TASK REQUIREMENTS »
Please return the lines below verbatim, beginning at the one that has "Multicolored Silver with Hearts Ladies Belt" and stopping after the one that has "Festive fence lighting", and add no other lines.

[Caption-style text data]
━━━━━━━━━━

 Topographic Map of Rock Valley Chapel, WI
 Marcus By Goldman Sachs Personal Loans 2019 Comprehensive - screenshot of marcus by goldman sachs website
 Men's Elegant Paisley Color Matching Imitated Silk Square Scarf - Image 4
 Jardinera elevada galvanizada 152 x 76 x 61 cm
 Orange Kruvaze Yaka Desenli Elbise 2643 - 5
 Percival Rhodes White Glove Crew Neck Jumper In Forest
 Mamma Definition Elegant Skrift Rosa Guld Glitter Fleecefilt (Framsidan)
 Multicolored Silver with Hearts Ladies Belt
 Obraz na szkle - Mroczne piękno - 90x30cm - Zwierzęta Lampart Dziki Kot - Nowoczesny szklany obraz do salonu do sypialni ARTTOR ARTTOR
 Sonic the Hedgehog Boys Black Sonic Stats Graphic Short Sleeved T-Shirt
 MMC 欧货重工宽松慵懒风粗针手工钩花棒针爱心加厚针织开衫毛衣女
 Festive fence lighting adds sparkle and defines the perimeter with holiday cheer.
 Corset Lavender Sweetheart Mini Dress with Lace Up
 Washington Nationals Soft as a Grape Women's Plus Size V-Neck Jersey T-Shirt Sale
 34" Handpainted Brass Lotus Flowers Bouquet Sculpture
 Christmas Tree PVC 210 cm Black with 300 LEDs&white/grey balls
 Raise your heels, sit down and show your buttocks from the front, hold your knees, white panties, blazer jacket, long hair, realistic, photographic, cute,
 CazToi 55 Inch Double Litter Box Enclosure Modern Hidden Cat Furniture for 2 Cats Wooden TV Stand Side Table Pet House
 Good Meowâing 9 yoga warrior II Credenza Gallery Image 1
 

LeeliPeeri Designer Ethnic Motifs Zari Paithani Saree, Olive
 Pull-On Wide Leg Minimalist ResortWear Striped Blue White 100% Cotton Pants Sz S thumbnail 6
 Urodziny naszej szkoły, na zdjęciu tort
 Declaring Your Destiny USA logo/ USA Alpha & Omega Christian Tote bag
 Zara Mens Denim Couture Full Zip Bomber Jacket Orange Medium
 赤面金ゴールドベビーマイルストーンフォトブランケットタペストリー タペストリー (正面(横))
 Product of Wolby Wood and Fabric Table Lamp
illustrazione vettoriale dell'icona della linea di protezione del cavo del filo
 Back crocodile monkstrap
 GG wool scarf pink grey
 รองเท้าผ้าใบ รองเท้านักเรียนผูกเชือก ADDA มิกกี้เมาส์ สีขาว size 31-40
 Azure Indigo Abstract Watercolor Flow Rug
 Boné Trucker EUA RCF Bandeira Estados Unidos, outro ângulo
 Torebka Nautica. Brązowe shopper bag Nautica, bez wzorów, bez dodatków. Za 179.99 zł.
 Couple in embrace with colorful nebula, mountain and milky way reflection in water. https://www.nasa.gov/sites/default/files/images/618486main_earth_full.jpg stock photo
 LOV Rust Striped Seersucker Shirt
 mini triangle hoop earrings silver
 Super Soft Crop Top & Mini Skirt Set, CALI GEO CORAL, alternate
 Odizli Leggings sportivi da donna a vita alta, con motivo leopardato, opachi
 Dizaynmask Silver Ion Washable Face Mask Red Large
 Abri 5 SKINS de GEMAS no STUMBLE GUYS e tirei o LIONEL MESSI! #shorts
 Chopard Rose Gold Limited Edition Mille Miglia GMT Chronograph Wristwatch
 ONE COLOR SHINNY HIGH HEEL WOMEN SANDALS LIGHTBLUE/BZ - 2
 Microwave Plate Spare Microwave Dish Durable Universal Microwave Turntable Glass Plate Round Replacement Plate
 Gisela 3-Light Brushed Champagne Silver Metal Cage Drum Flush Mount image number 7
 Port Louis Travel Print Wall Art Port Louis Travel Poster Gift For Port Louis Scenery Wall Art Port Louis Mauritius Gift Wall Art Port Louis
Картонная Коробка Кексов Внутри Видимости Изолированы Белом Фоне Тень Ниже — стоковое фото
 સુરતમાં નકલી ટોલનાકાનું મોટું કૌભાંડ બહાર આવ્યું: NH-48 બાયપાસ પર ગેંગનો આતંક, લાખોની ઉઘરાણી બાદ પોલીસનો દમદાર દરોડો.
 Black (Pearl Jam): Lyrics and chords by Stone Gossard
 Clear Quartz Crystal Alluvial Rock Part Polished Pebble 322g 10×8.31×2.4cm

━━━━━━━━━━

WORKED SOLUTION »
 Multicolored Silver with Hearts Ladies Belt
 Obraz na szkle - Mroczne piękno - 90x30cm - Zwierzęta Lampart Dziki Kot - Nowoczesny szklany obraz do salonu do sypialni ARTTOR ARTTOR
 Sonic the Hedgehog Boys Black Sonic Stats Graphic Short Sleeved T-Shirt
 MMC 欧货重工宽松慵懒风粗针手工钩花棒针爱心加厚针织开衫毛衣女
 Festive fence lighting adds sparkle and defines the perimeter with holiday cheer.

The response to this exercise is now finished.